I sincerely hope that the committee will report this out very shortly and we can get action.

Mr. POAGE. Mr. Thomson, you may have commented on it in your statement, but the only serious argument about this bill that I have heard is relating to the promotion features rather than to the subsidy features.

Did you discuss that at all?

Mr. THOMSON. I did not discuss it at length, Mr. Chairman. think the promotion features have worked out quite well and have merit.

I believe that the majority of people in our area would like to see it continued.

Mr. POAGE. As is?


Mr. POAGE. Any questions?

Mr. DIXON. Mr. Thomson, with regard to the promotion features, is it not true that there is an additional angle in the promotion of wool and sheep, than just to meet?

Mr. THOMSON. That is quite correct.

There is a competitive product in the synthetic fibres involved in wool, and also, of course, under this program, I think the Government has an interest in seeing some of these funds used to promote the sale through normal channels to reduce any Government participation there might be.

Mr. DIXON. Therefore, the meat promotion program that we have now does not cover all the needs of the wool program.

Mr.
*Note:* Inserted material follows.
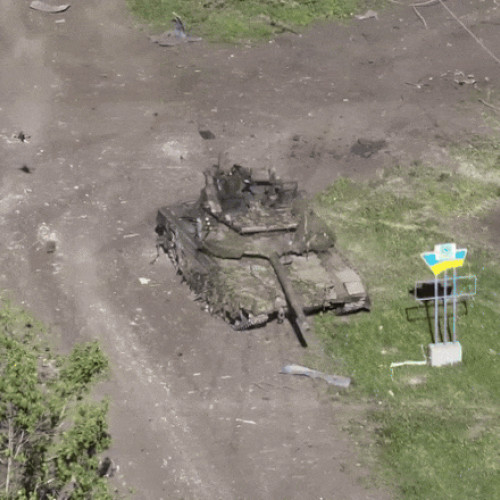 Video: Tanc rusesc "Spărgătorul lui Putin" distrus de drone ucrainene în valoare de câteva sute de dolari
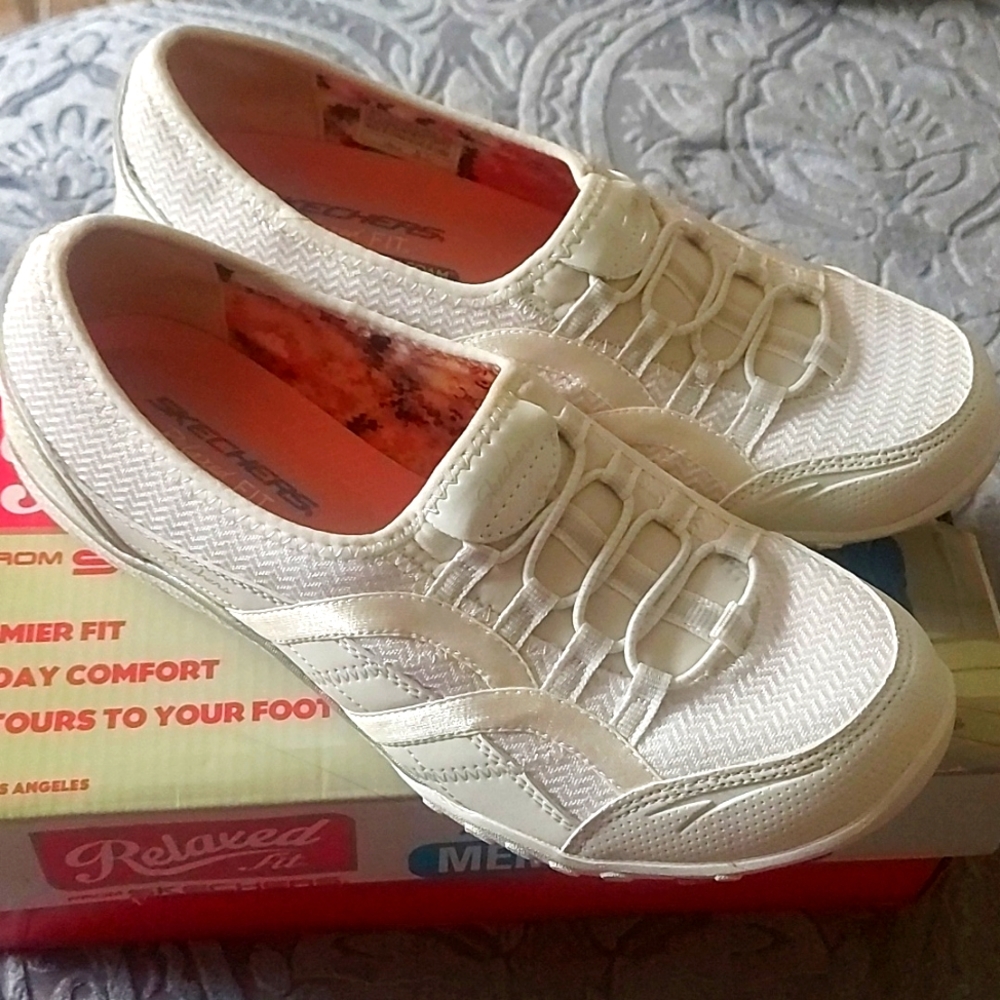 Sketchers - Air Cooled Memory Foam Sneakers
THOMSON. No; that is correct.

Mr. DIXON. Would you prefer to have this bill come out on its own merit, or be included in one omnibus bill with other measures?

Mr. THOMSON. I would be very hopeful, particularly at this stage in the session, that the bill could come out by itself and be considered solely on its own merits. I think it is important that we get some action upon this quickly in that it would have a very desirable effect upon the wool market.

And I believe there would be less controversy if it came out by itself.

Mr. DIXON. Then you would like it to come out as soon as possible? Mr. THOMSON. I think that is very important, with the condition of the wool market today, that it should come out as quickly as possible.

Mr. DIXON. What is the relative importance of wool in agriculture in your State?

Mr. THOMSON. Wool is one of the most important agricultural products. I think that we are about second in the Nation. Second only to the chairman's State there as far as the production of wool is concerned, and certainly there is unrest at the present time with wool being sold, what little is being sold, just a little bit under, or a little bit over 40 cents a pound.